A novel Rap1p-interacting factor, Rif2p, cooperates with Rif1p to regulate telomere length in Saccharomyces cerevisiae.

Abstract

The Saccharomyces cerevisiae Rap1 protein binds with high affinity to sites within the poly(C(1-3)A) tracts at telomeres, where it plays a role in both telomere length regulation and the initiation of telomeric silencing. Rap1p initiates silencing at telomeres by interacting through its carboxy-terminal domain with Sir3p and Sir4p, both of which are required for repression. This same domain of Rap1p also negatively regulates telomere elongation, through an unknown mechanism. We have identified a new Rap1-interacting factor (Rif2p) that plays a role in telomere length regulation.

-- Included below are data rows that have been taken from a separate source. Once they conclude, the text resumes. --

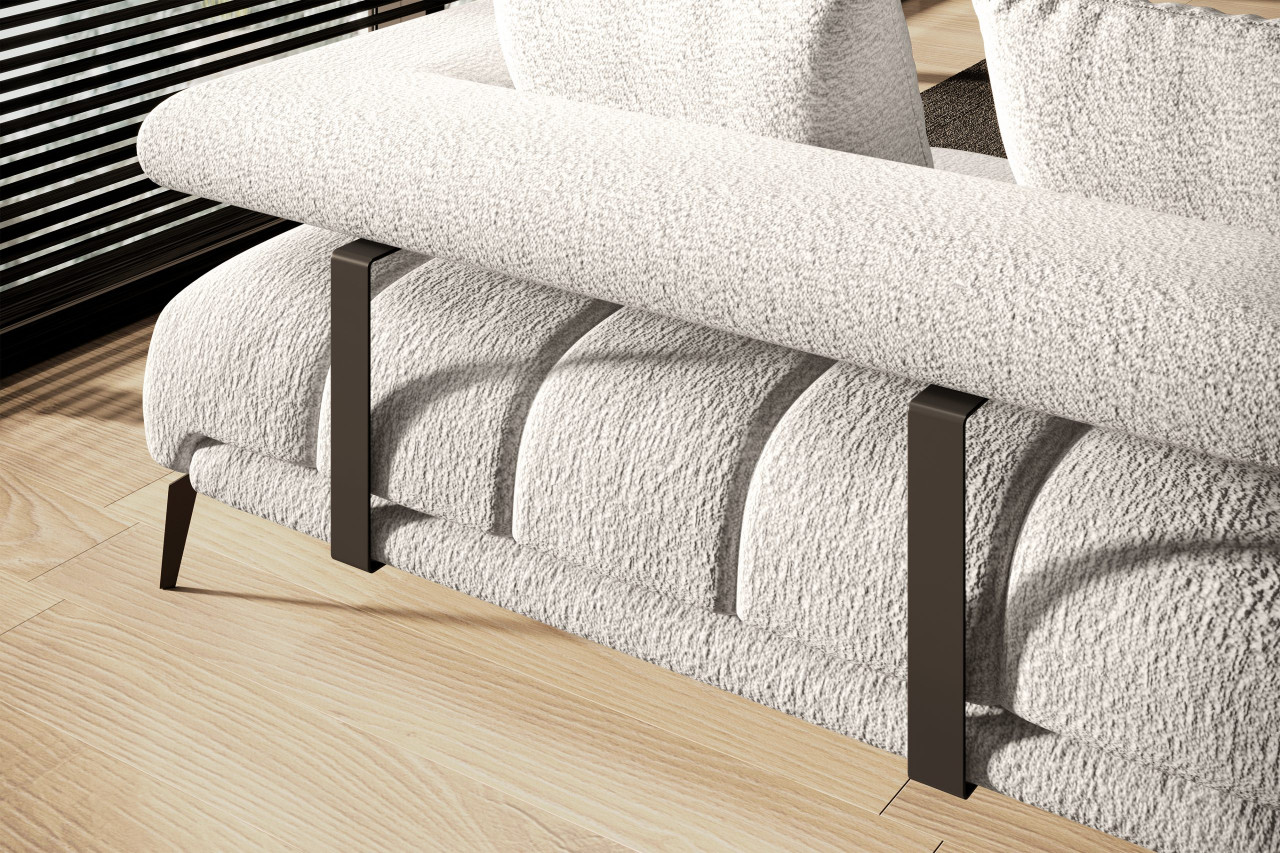 Poze Coltar cu reglaj electric Magnetic L - L258 x l210 x h86 cm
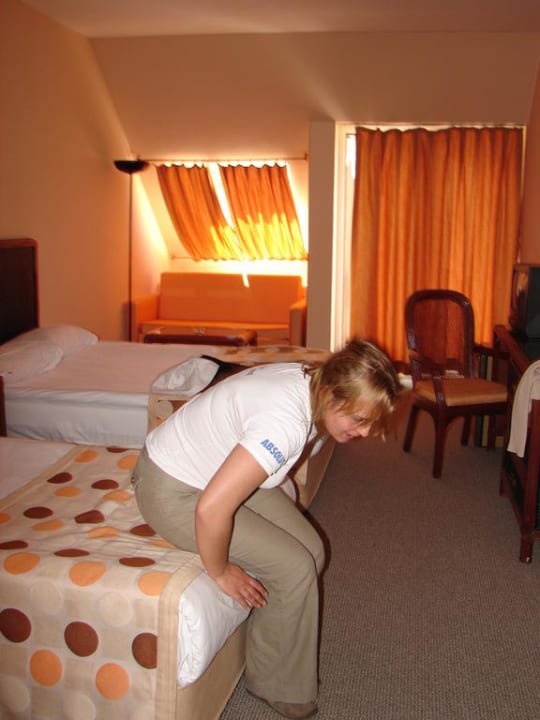 Nasz pokój Queen's Park Resort Göynük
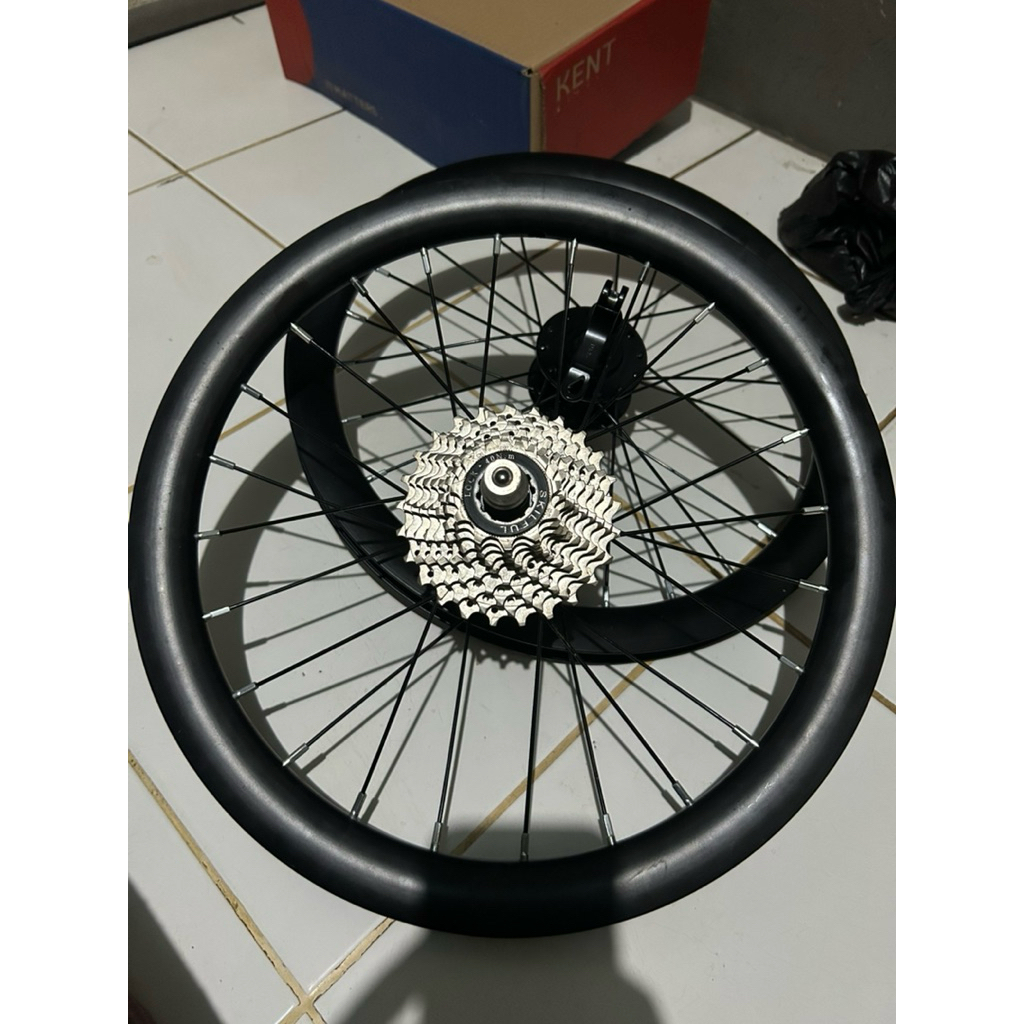 copotan sepeda lipat 16+ baru (bukan bekas)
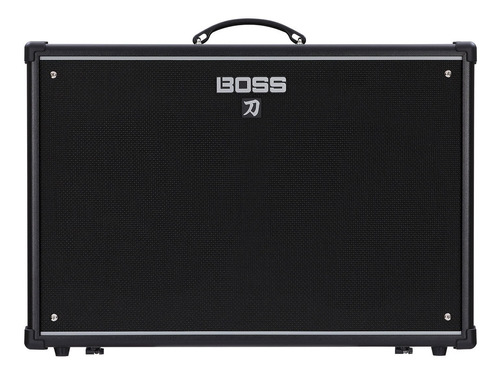 Imagen 1 de 4 de Amplificador Boss Katana 100/212 para guitarra de 100W color negro 220V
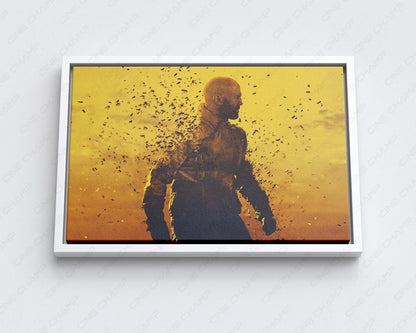 The Beekeeper Action Poster Wall Art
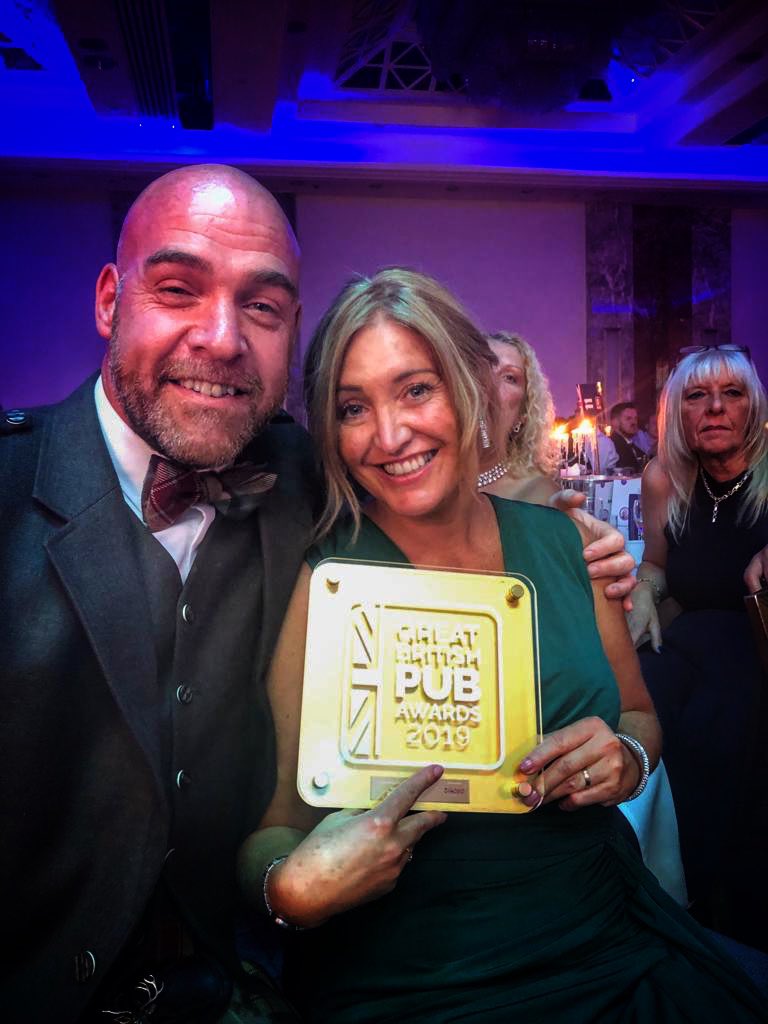 We can’t believe we are saying this but we won Best for Spirits at Great British Pub Awards.... wow just wow... #pubawards <a href="/heinekenUK_News/">HEINEKEN UK Company</a> #standrews #longlivethepub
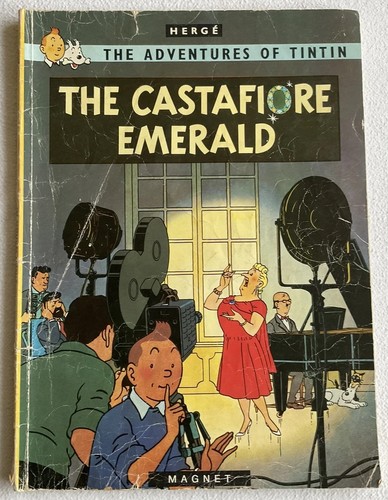 Vintage herge adventures - herge, of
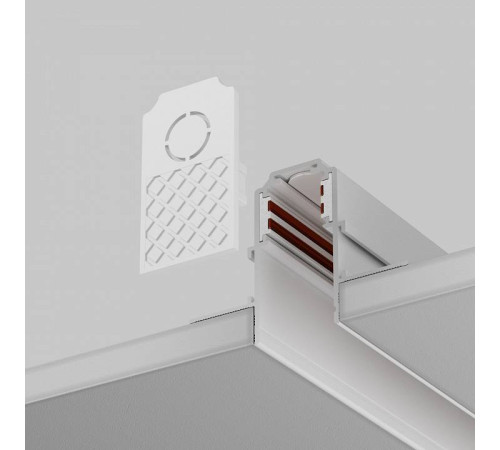 Заглушка для трека Maytoni Accessories for tracks Exility TRA034EC-42W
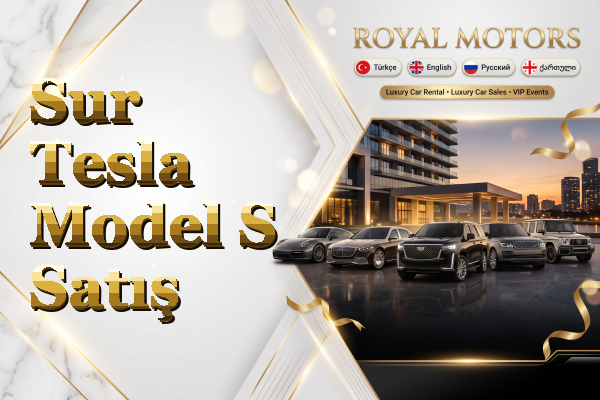 Sur Tesla Model S Satış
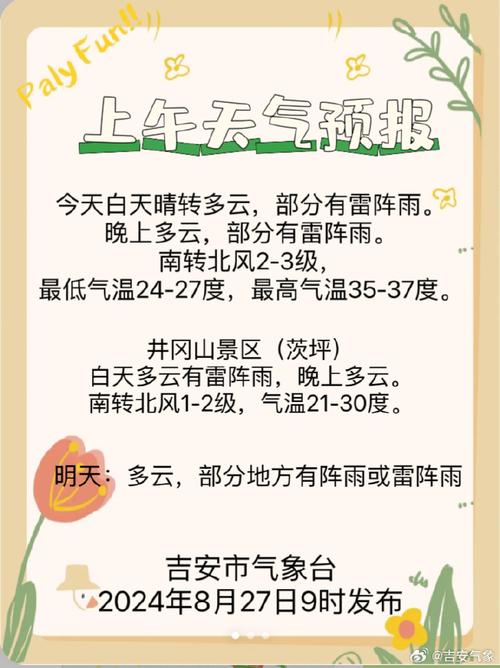 吉水天气预报12月，吉水 天气？  第6张
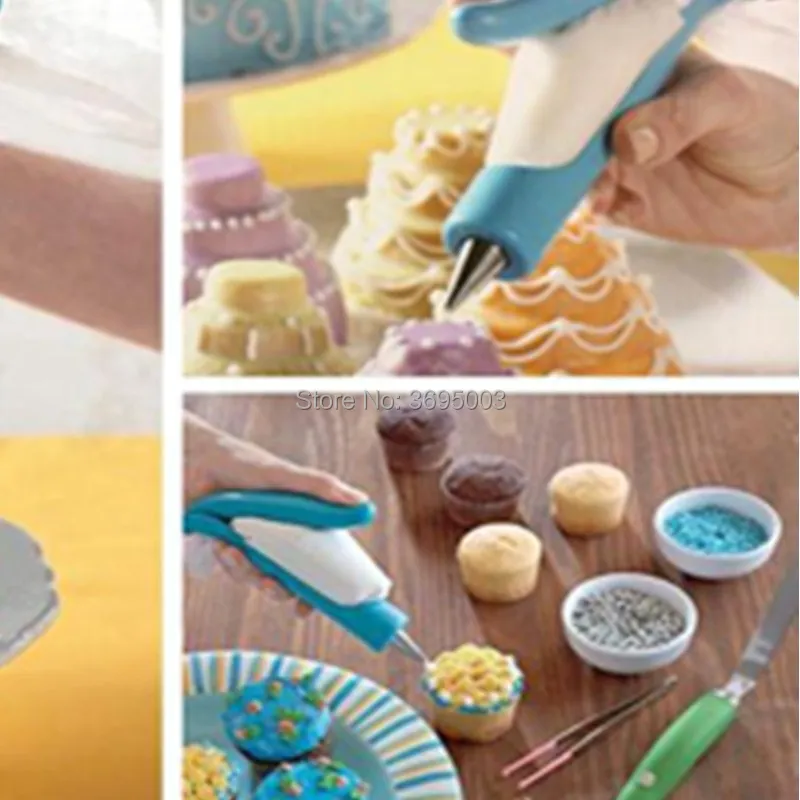 Кондитерский мешок муфта наконечник деко глазурь ручка Украшения Торта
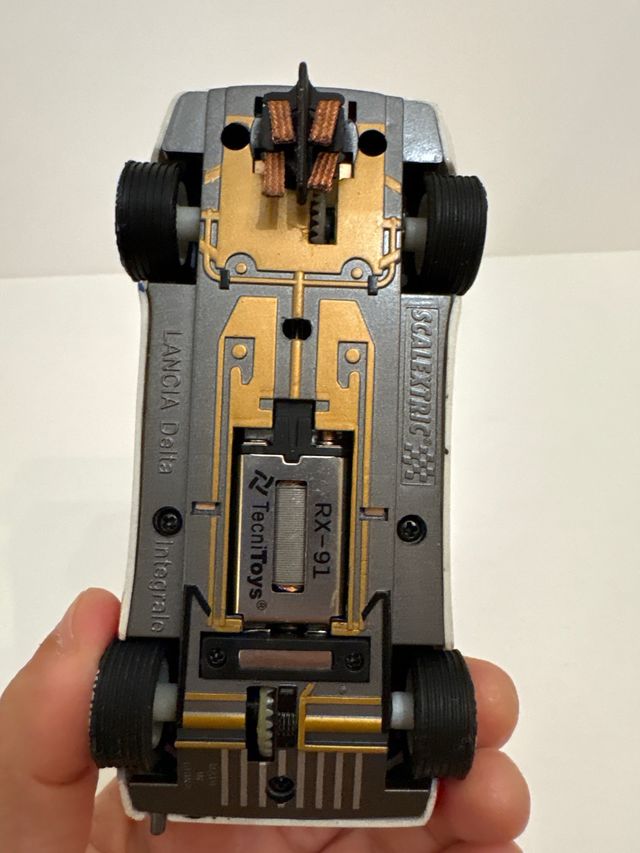 Scalextric Lancia Delta Integrale Carlos Sainz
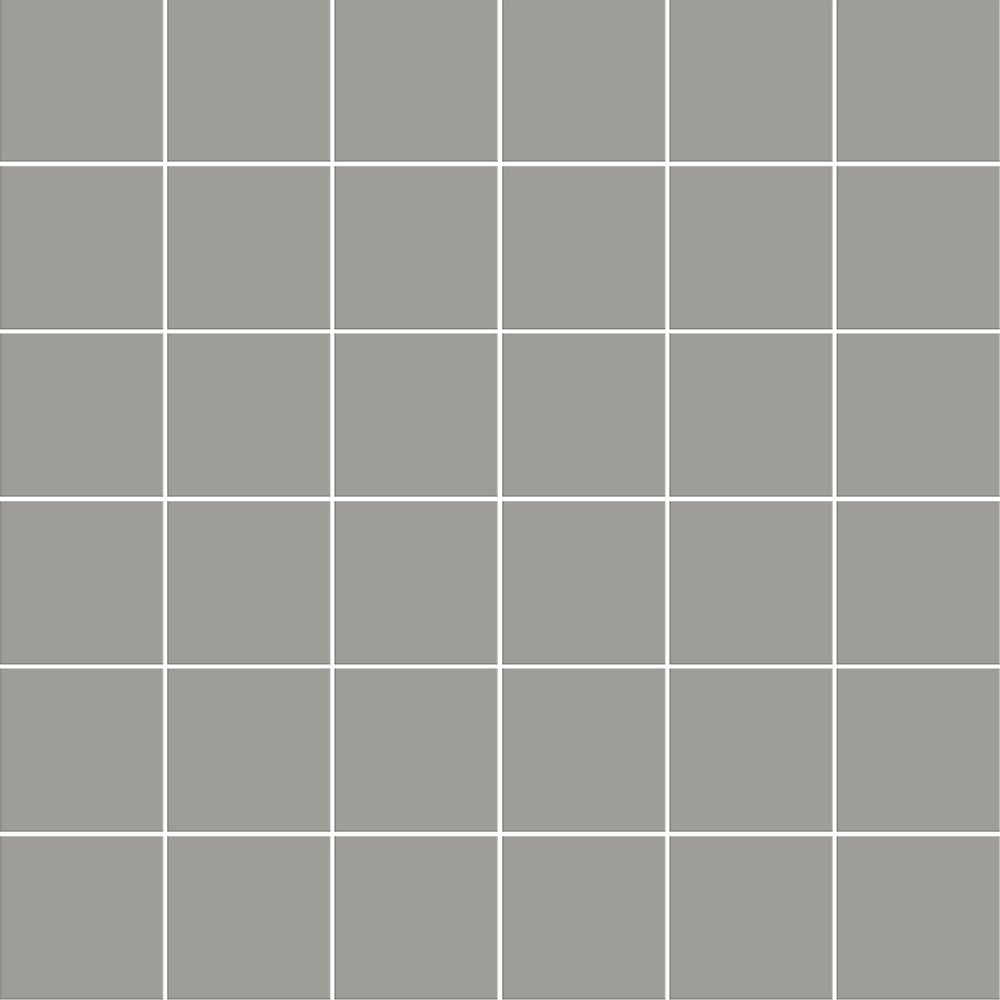 Gris Fonce Matte 2x2 Ceramic Mosaic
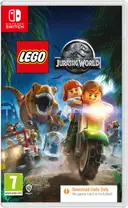 Okładka gry LEGO Jurassic World na Nintendo Switch - najlepsza oferta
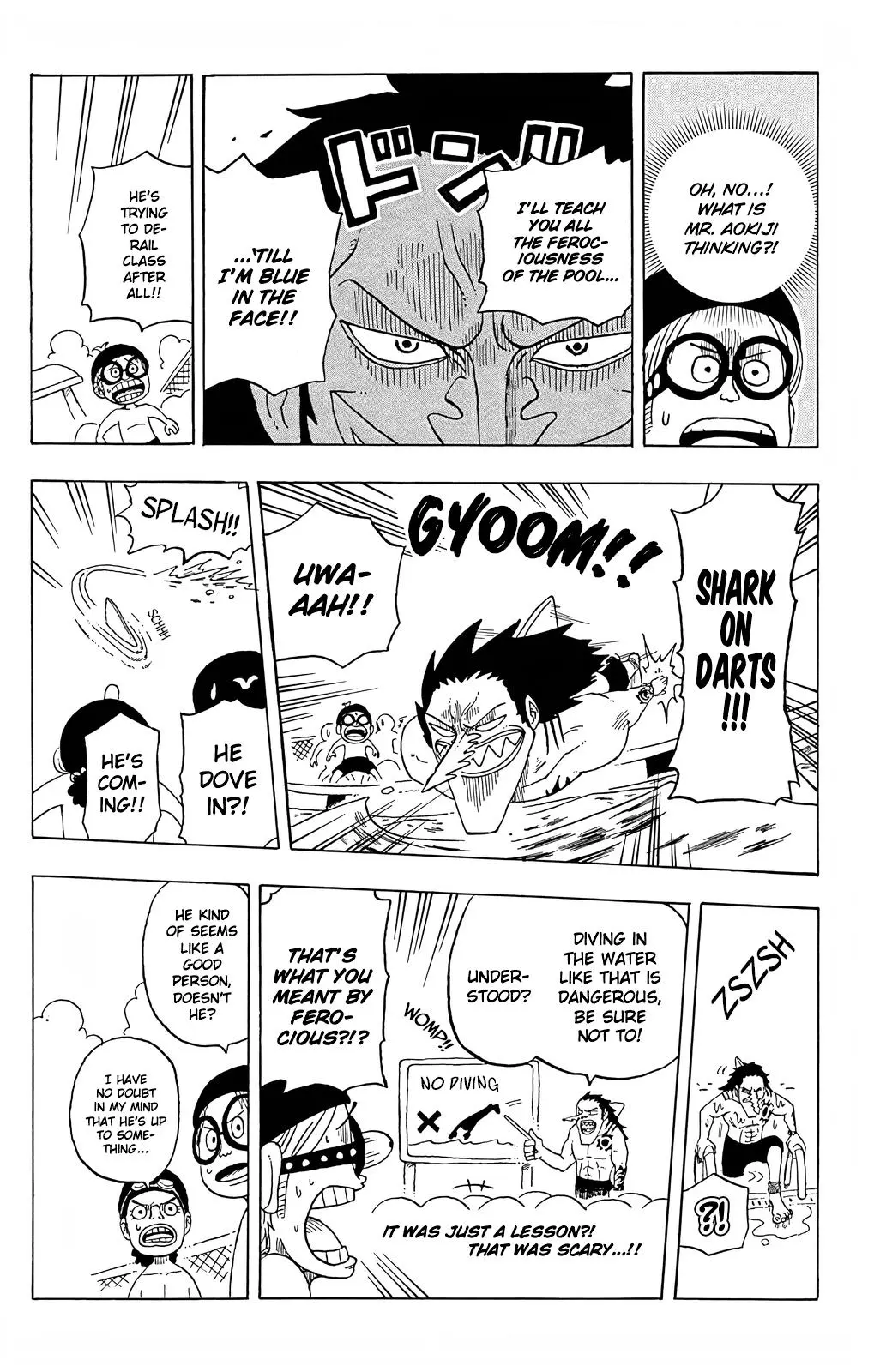 One Piece Academy, chapter 4.5, page 14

Rif2p has considerable functional similarities with a Rap1p-interacting factor (Rif1p) identified previously. Mutations in RIF1 or RIF2 (unlike mutations in the silencing genes SIR3 and SIR4) result in moderate telomere elongation and improved telomeric silencing. However, deletion of both RIF1 and RIF2 in the same cell results in a dramatic increase in telomere length, similar to that seen with a carboxy-terminal truncation of Rap1p. In addition, overexpression of either RIF1 or RIF2 decreases telomere length, and co-overexpression of these proteins can reverse the telomere elongation effect of overexpression of the Rap1p carboxyl terminus. Finally, we show that Rif1p and Rif2p can interact with each other in vivo. These results suggest that telomere length regulation is mediated by a protein complex consisting of Rif1p and Rif2p, each of which has distinct regulatory functions. One role of Rap1p in telomere length regulation is to recruit these proteins to the telomeres.